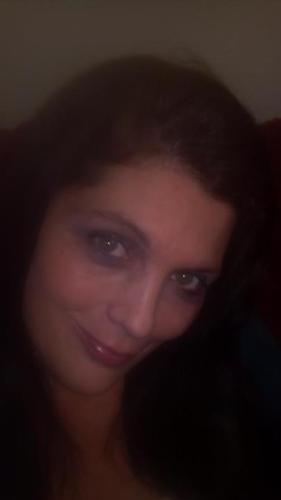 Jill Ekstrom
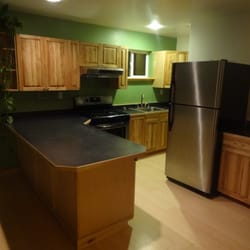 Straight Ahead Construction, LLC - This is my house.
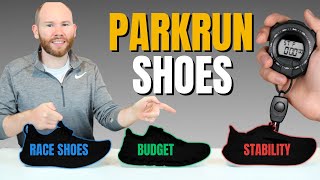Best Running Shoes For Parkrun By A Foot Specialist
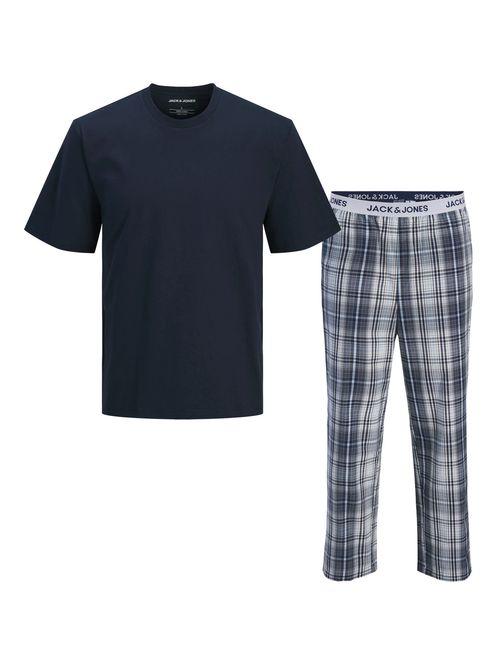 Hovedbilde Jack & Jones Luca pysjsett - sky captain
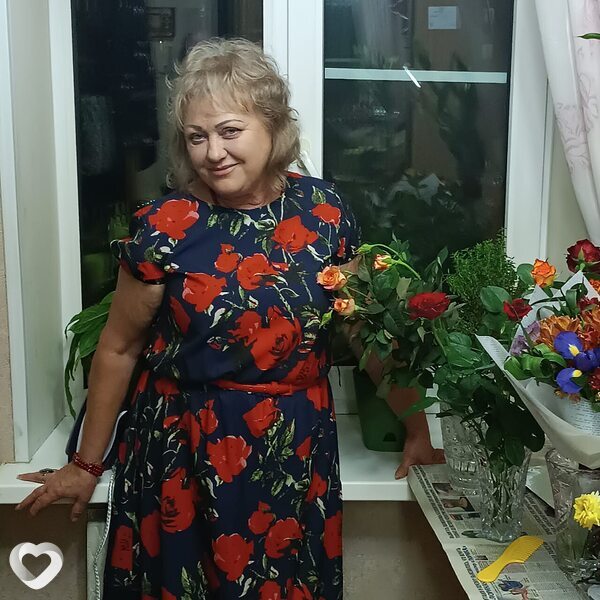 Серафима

--

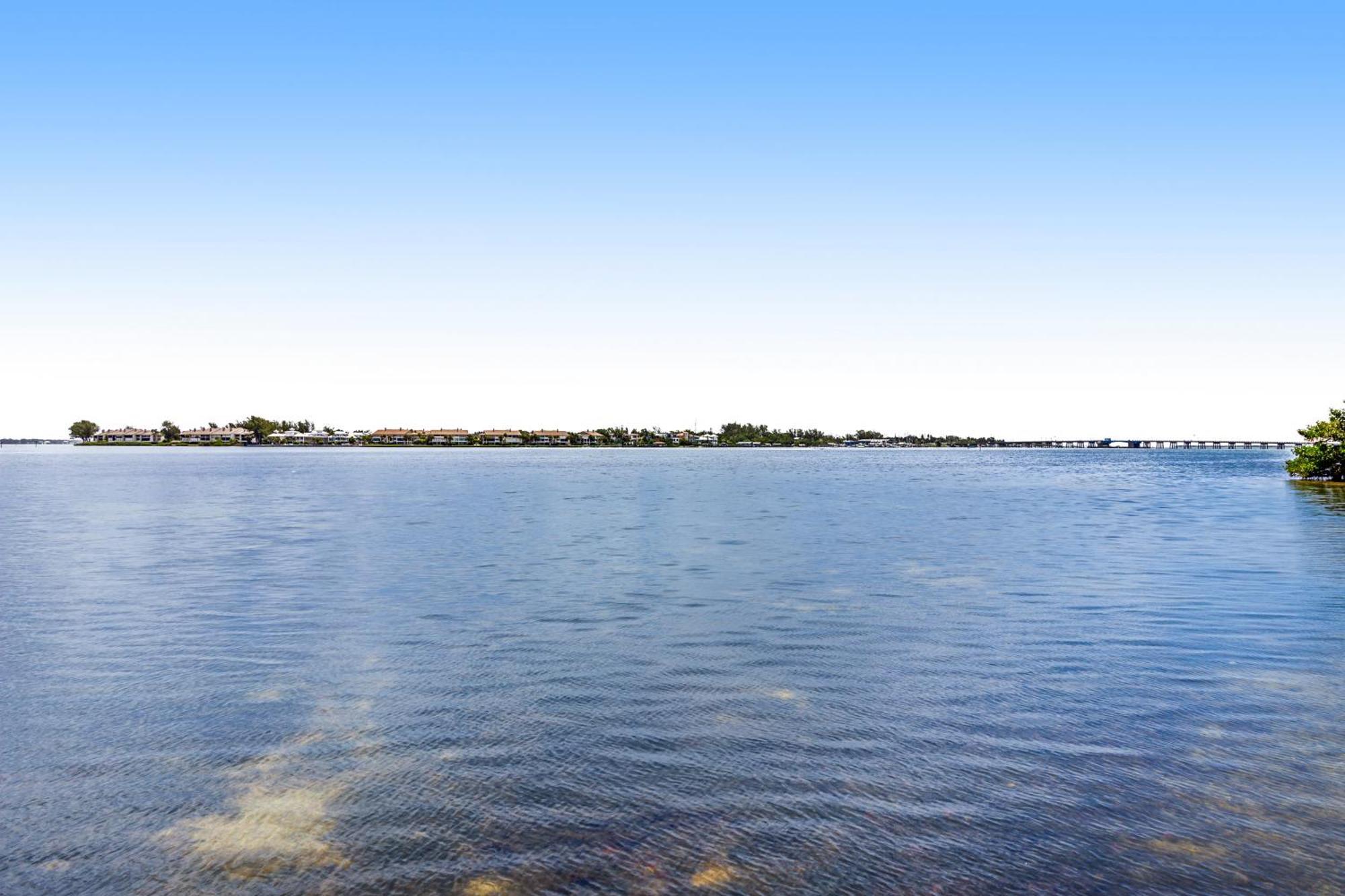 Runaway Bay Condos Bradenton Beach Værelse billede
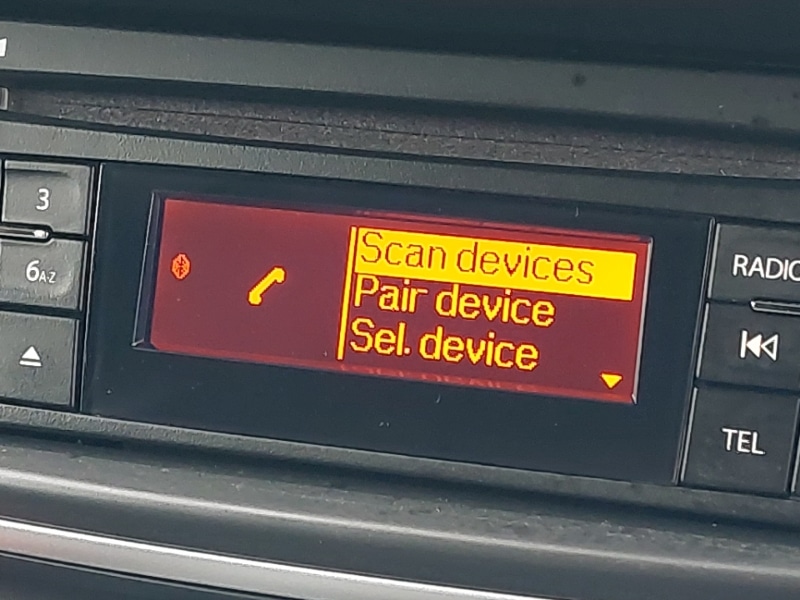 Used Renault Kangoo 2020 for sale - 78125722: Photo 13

--

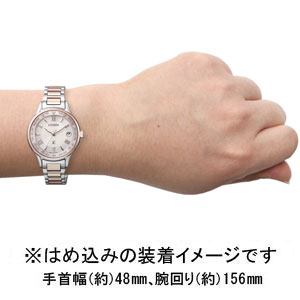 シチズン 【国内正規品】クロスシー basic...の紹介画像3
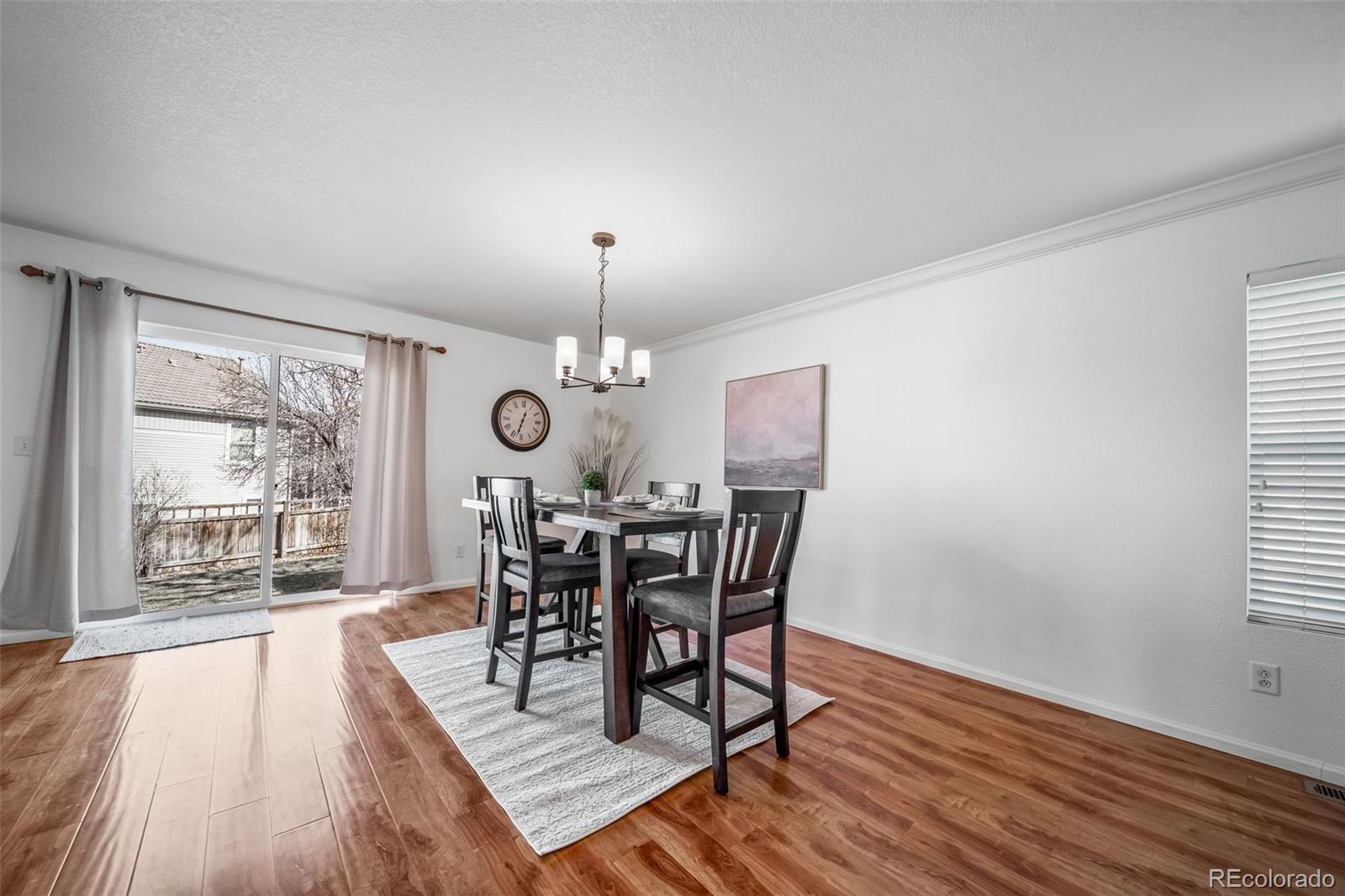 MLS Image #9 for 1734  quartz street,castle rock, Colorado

-- PROBLEM DESCRIPTION --
Look above for the line containing "シチズン 【国内正規品】クロスシー basic...の紹介画像3", then copy exactly from it through the line containing "MLS Image #9", keeping both and leaving out pictures. Add nothing else.

-- ANSWER SECTION --
 シチズン 【国内正規品】クロスシー basic...の紹介画像3
 MLS Image #9 for 1734  quartz street,castle rock, Colorado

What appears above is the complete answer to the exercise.